National Arms Company
- Company type: Private
- Predecessor: Moore Company
- Founded: Circa 1865
- Founder: Daniel Moore
- Defunct: Circa 1872
- Fate: Acquired
- Headquarters: Brooklyn, New York, U.S
- Parent: Colt Patent Firearms Manufacturing Company

= National Arms Company =

The National Arms Company was a Brooklyn, New York–based manufacturer of firearms that flourished for a decade in the mid-19th century, around the time of the American Civil War.

Among the weapons it manufactured were a derringer that fired the .41 Short (a round it introduced in 1863), and Daniel Moore and David Williamson's Pocket Revolver using the Caliber .32 Teat-fire cartridge (which it made under both the Moore and National Arms marques).
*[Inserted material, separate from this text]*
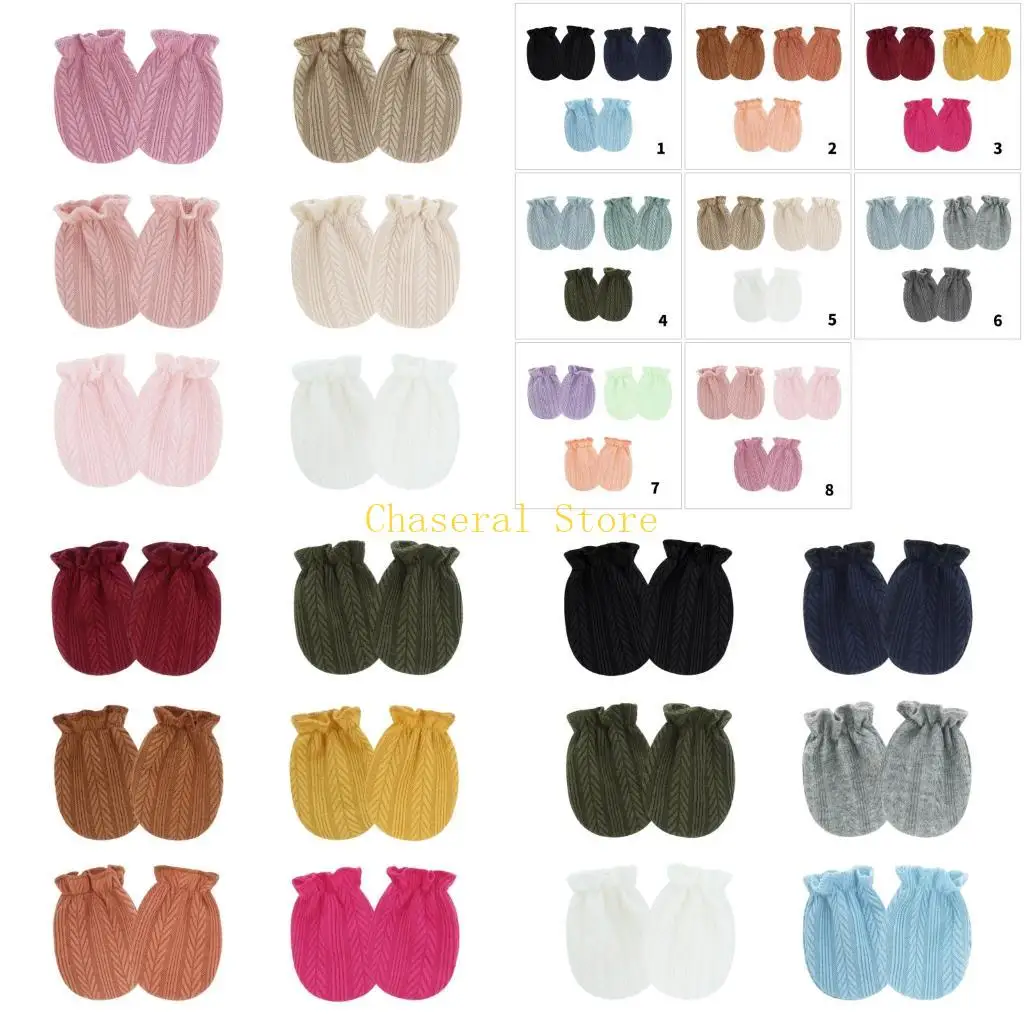 E7CE Gentle Infant Handcover Smooth Cotton Fabric Prevents Unintentional Face Scrapes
The Moore Caliber .32 Teat-fire, which used a unique cartridge to get around the Rollin White patent owned by Horace Smith and Daniel Wesson, proved very popular during the Civil War, with both soldiers and civilians. The "Teat-fire" cartridges did not have a rim at the back like conventional cartridges, but were rounded at the rear, with a small "teat" that would protrude through a tiny opening in the rear of the cylinder. The priming mixture was contained in the "teat" and when the hammer struck it, the cartridge would fire. Thus, it was akin to a rimfire cartridge, but instead of having priming all the way around the edge of the rim, it is centrally located in the teat.

National Arms produced about 30,000 of the Caliber .32 Teat-fire revolvers from 1864 to 1870, when it was acquired by Colt's Manufacturing Company. Colt continued to produce the .41 rimfire derringer after the acquisition as an effort to break into the metallic cartridge gun market.